Marshals Service Spent Nearly $800,000 on Promotional Swag
In five years before the Obama administration clamped down on agency swag, a division of the U.S. Marshals Service spent thousands of dollars on commemorative coins and blankets, neckties, scarves and lapel pins bedecked with the agency’s seal, according to a Justice Department inspector general report .
Acting in response to an anonymous hotline tip, the auditors found that the Marshals Service’s Investigative Operations Division “spent at least $793,118 on promotional items during fiscal years 2005 to 2010 and that these expenditures were excessive and, in some instances, in contravention of department policies and Government Accountability Office decisions and guidance.”
Much of the spending was done at the end of the fiscal years, the report said, adding that the division’s spending rose by 975 percent during the six years examined, aided by an absence of internal controls and accountability within the Marshals Service.
Examples included $155,081 spent on USMS challenge coins, $11,338 on neckties and silk scarves bearing the USMS seal, $13,605 on USMS-themed Christmas ornaments, $16,084 on USMS-themed blankets and throws, and $36,596 on USMS lapel pins.
In its legal analysis of the violations, the IG’s office noted that “as a general rule, appropriated funds may not be used to purchase personal gifts for government employees or the public. However, an agency may want to use appropriated funds for gifts to attract attention to the agency or agency programs.
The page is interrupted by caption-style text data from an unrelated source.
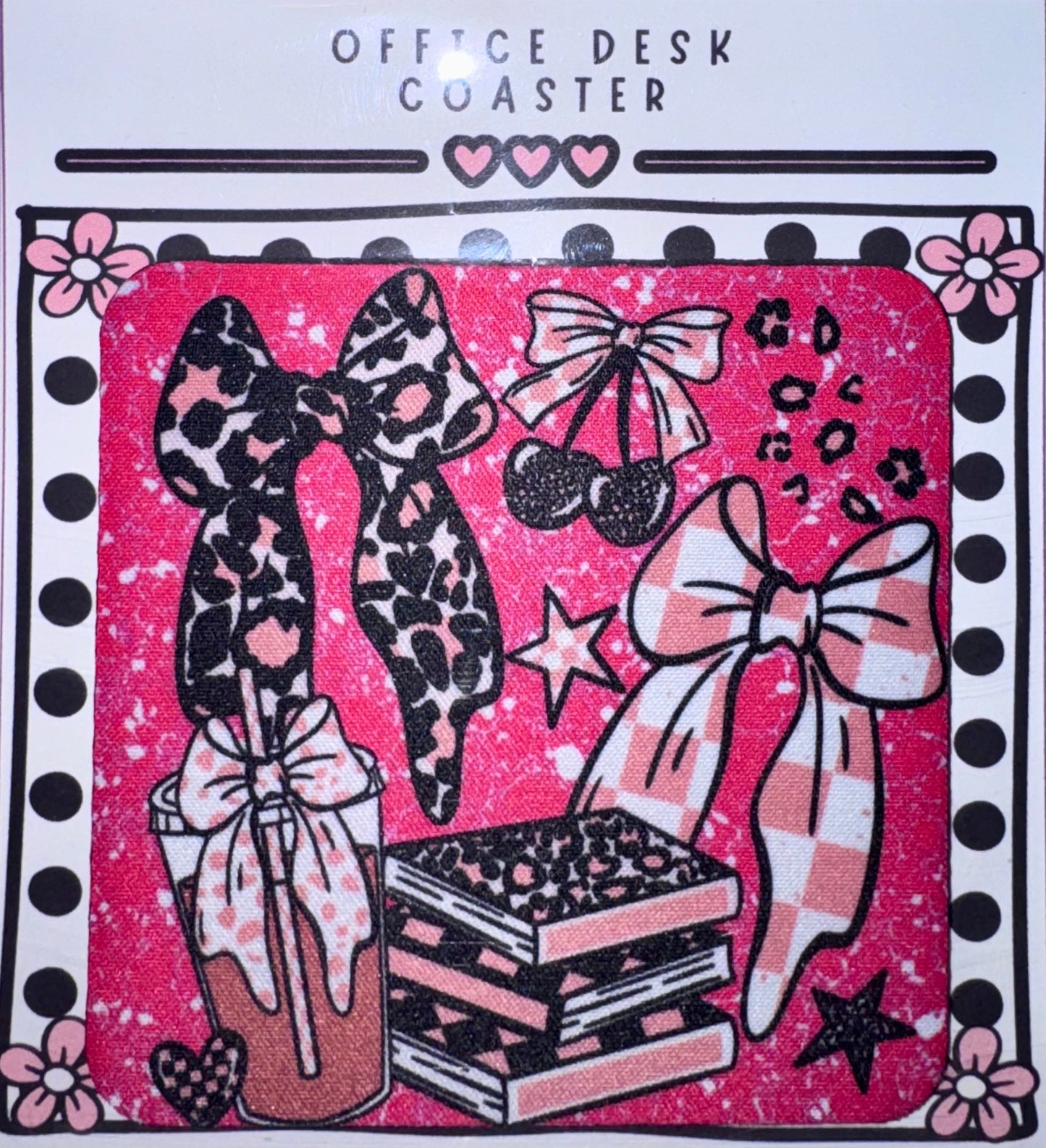 Coquette Bows & Books Desk Coaster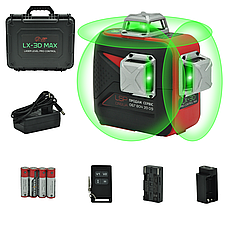 Лазерний рівень нівелір LSP LX-3D  PRO CONTROL MAX OSRAM ( в кейсі ) гарантія 2 роки!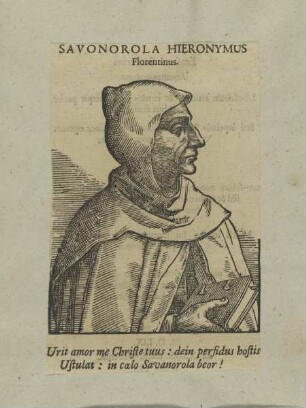 Bildnis des Hieronymvs Savonorola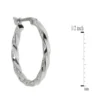 18MM Twisted Hoop Earrings, 14K White Gold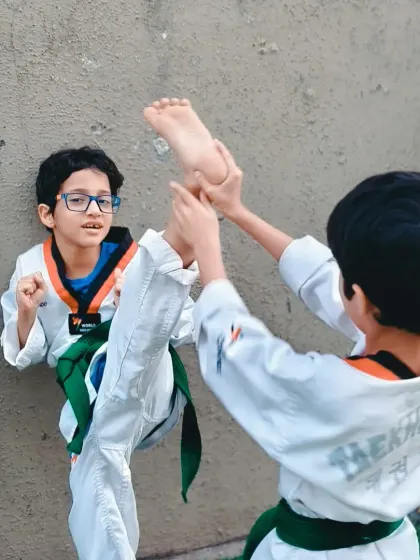 Partner-assisted stretching helps students achieve a deeper stretch and improve their flexibility faster.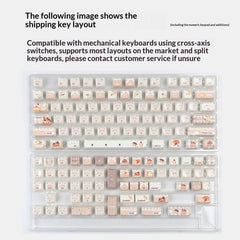 Cute Sweet Cat Bakery Theme Artisan Keycap Set - KeyArtisan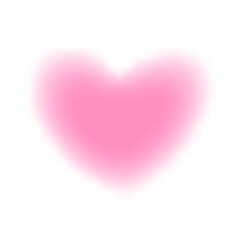 blurred heart shape pink on white for valentine background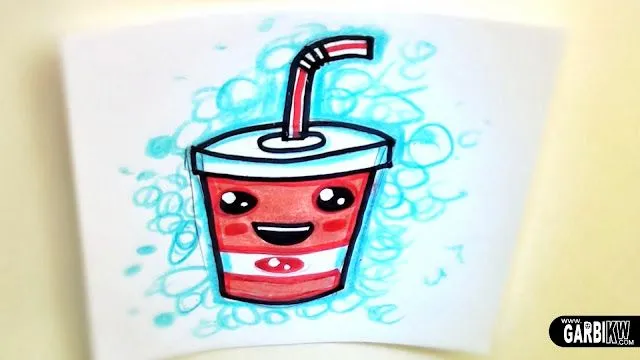 Tutorial Cómo dibujar un refresco lindo - Dibujos sencillos y ...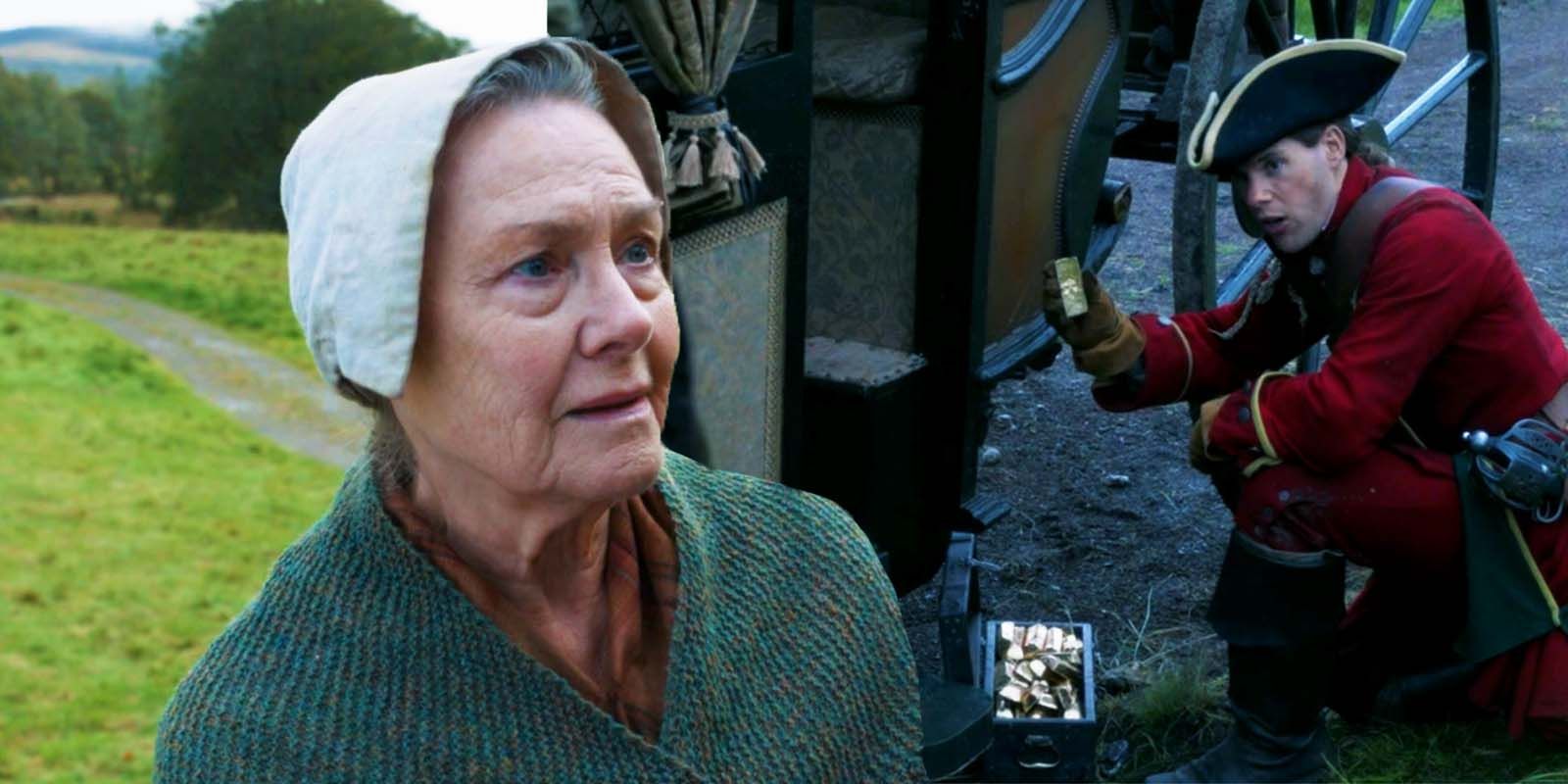 The Shocking Twists in Outlander Season 7: Unveiling Mrs Bug's Tragic Fate and Unraveling the Sinister Gold Curse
Under the necessary expense doctrine, described above, an agency may purchase items in the nature of gifts or souvenirs only if there is a direct link between the items and the agency’s purpose for which Congress has appropriated funding.”
The Marshals Service swag purchasing was ended in 2011 after Justice circulated a series of memos on over-spending.
The IG report recommended that the Marshals Service revise its existing guidance on the practice, inventory existing supplies of promotional items and institute management controls over such spending.
Director Stacia Hylton, who took office after being confirmed in December 2010, agreed.